We are walking because Braid started five years ago this month as a challenge.
As we celebrate this milestone, this walk is symbolic of Braid’s earliest days, when we were new to the city of San Francisco and new to this work and totally unprepared for how steep the hills would be (literally and figuratively).
But we climbed them anyway, taking one step at a time to gain the trust of social services agencies, other nonprofit partners working with youth, prospective volunteers, and the youth and families we work with.
There are still struggles, but we are stronger and just as stubborn!
We are walking in honor of our volunteers, who give so generously of themselves and their resources every single week.
In five years, we have welcomed almost 300 people to Braid trainings, and over half of them have gone on to complete the process of becoming a volunteer. Today there are 74 active Braid volunteers, with more joining every week.
These volunteers have walked their youth through school transitions, home transitions, exploring identity, self-doubt, and all the normal throes of adolescence. By showing up every week, they help our youth truly begin to believe in their dignity and worth and rise above the wounds of abuse and abandonment they carry.
We never want our amazing volunteers to feel a financial burden because of their service.

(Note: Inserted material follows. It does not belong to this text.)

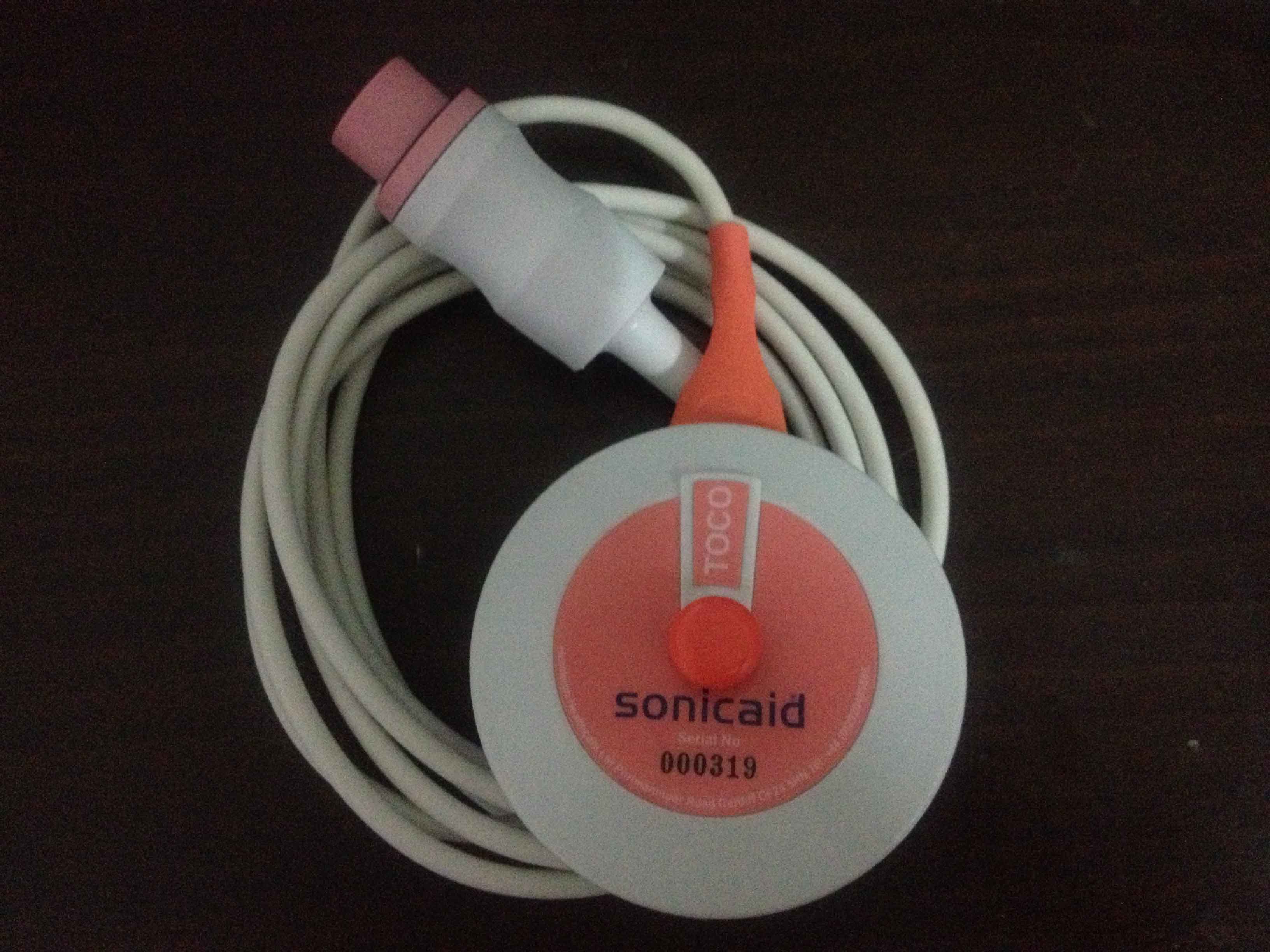 Original Sonicaid Toco Transducer(Pink 2M cable)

Your support helps us host All-Braid events and thank-you dinners for volunteers so they can connect and be part of a larger community, and it helps us cover the costs of transportation and special outings.
We are walking to help Braid grow into its next five years.
Across the board, we hear that Braid’s unique mentoring model works, providing steady support for youth who haven’t had enough long-term positive adult relationships.
Whereas the average tenure of most social services providers can be just a few months, we have ten youth who have been matched with a Braid team for two years or longer, and 80% of the mentors on those teams have been active for more than a year of that time.
Our volunteers are able to make this commitment because Braid’s team model ensures that they never feel alone in this work.
And our model is effective because we are able to tell youth that their mentors are not paid to spend time with them. Braid is never paid for its services, and we are able to stay with youth long-term because we are not dependent on government funding.
As our program spreads throughout the Bay Area and more and more volunteers find their way to this mission, we want to be able to provide the tools to help them succeed.